> _PROBLEM_: The reply should be an exact repeat of the listing, with no pictures in it.

> _DATA SECTION_:
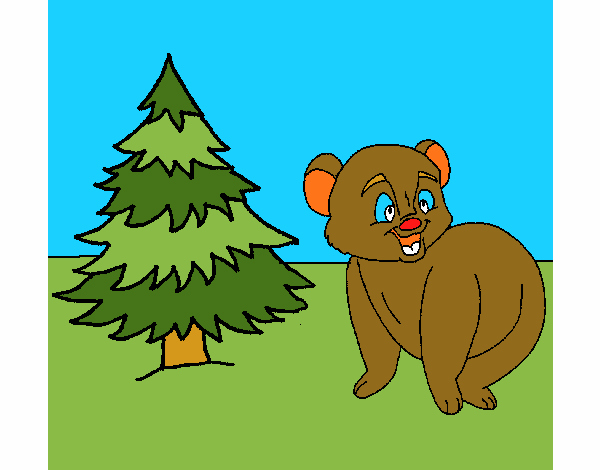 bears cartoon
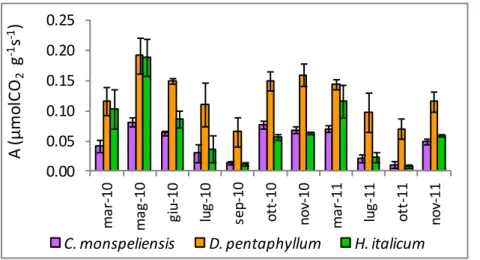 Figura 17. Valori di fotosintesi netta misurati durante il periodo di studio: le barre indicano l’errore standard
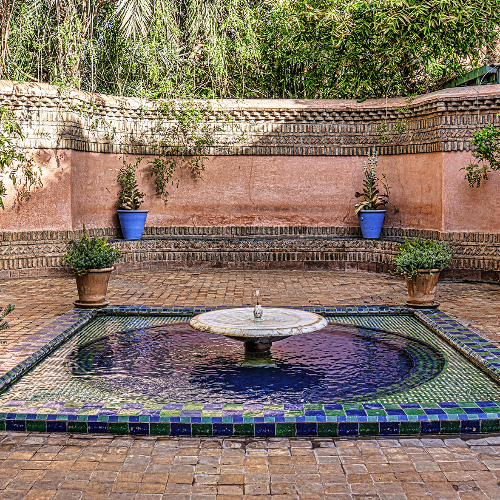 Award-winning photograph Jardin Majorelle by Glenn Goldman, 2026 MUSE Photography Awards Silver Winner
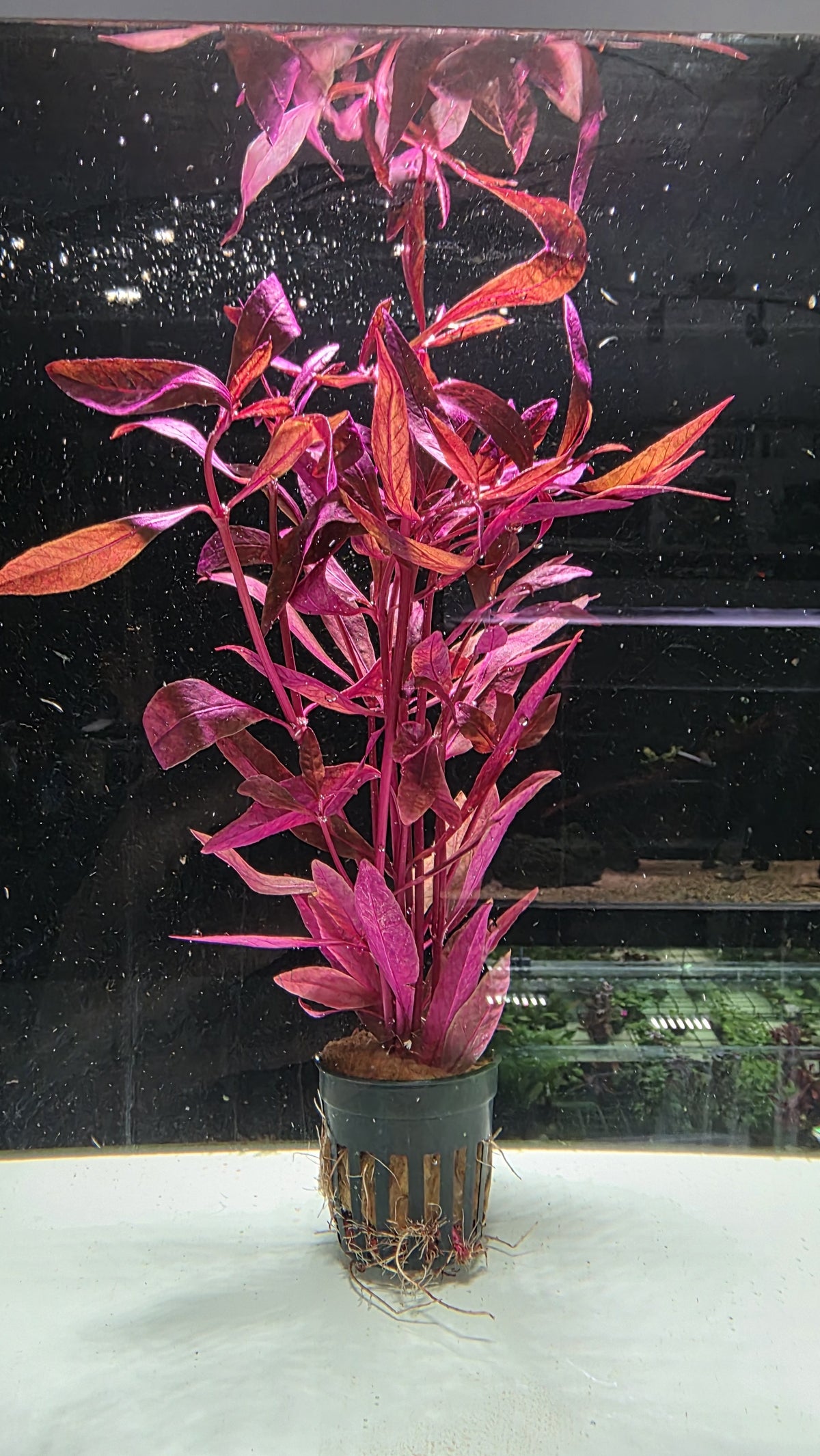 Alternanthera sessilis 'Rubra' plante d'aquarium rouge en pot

> _REPLY TO THE EXERCISE_:
 bears cartoon
 Figura 17. Valori di fotosintesi netta misurati durante il periodo di studio: le barre indicano l’errore standard
 Award-winning photograph Jardin Majorelle by Glenn Goldman, 2026 MUSE Photography Awards Silver Winner
 Alternanthera sessilis 'Rubra' plante d'aquarium rouge en pot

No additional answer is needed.